Résumé:
Audio Tagging is concerned with the development of systems that are able to
recognize sound events. A growing interest is geared towards audio tagging for various
applications such as acoustic surveillance, tagging video content and environmental
scene recognition. Our goal is to design an audio tagging system capable of recognizing
a wide range of sound events. The development process usually requires a large set of
labeled sound data. However, most existing datasets are unlabeled since hand-labeling is
a very costly and a time-consuming process, and it involves a lot of manual labor.

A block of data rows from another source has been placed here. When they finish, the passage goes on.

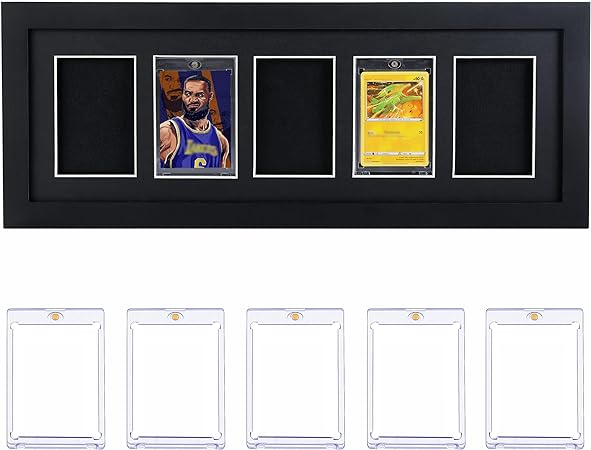 Photo 1 of 5 Grids Trading Cards Display Frame, Solid Wood Frame with 5PCS Magnetic Card Holder Wall Mount Or Table Stand Display for Football Basketball Collector Cards(Standard Cards, 5Grids)
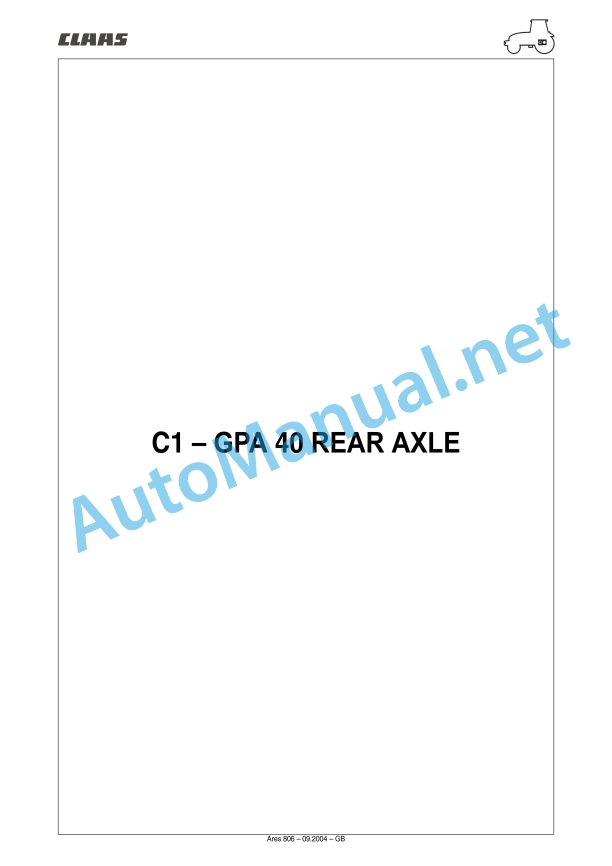 Claas Ares 836-816 Rz (A02) Tractors Repair Manual EN 22 Claas Ares 836-816 Rz (A02) Tractors Repair Manual EN - Image 22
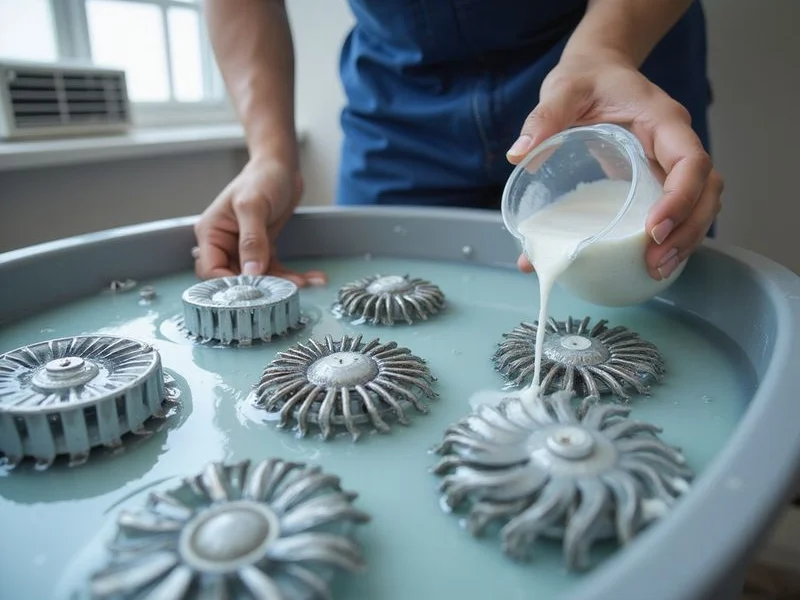 Komponen aircond dicuci satu persatu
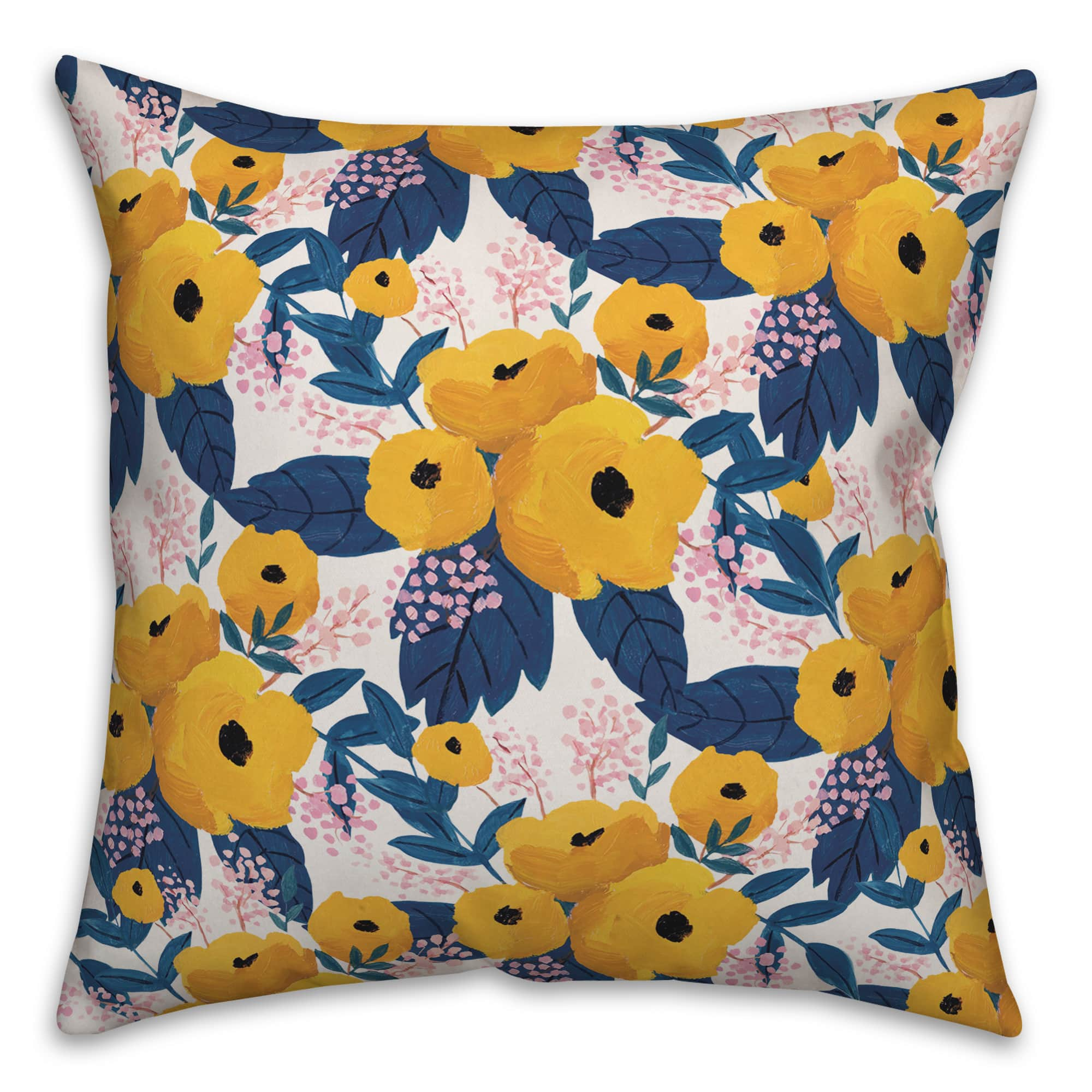 Yellow Floral Pattern Throw Pillow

To
mend with this, we have built our audio tagging system following the Semi-Supervised
Learning (SSL) paradigm. Specifically, we have chosen the pseudo-labeling strategy to
learn from weakly labeled data. In addition, our system trains a ResNet deep learning
model on log-mel spectrograms, along with augmentation techniques to increase the
dataset size. The training uses the cyclic cosine annealing technique for the learning rate.
We have carried out our experiments on a huge dataset made of sound recordings; we
have investigated the impact of the sharpening temperature (a hyperparameter of our
system) on the distribution of the pseudo-labels, and have tested ensembling various
variants of our approach. The results demonstrate the efficacy of pseudo-labeling SSL
strategy. Furthermore, ensembling various systems significantly boosts the overall
performance.
Keywords: Audio Tagging, Semi-Supervised Learning, Feature Extraction, Deep
Learning, Ensemble Learning, Statistical Tests.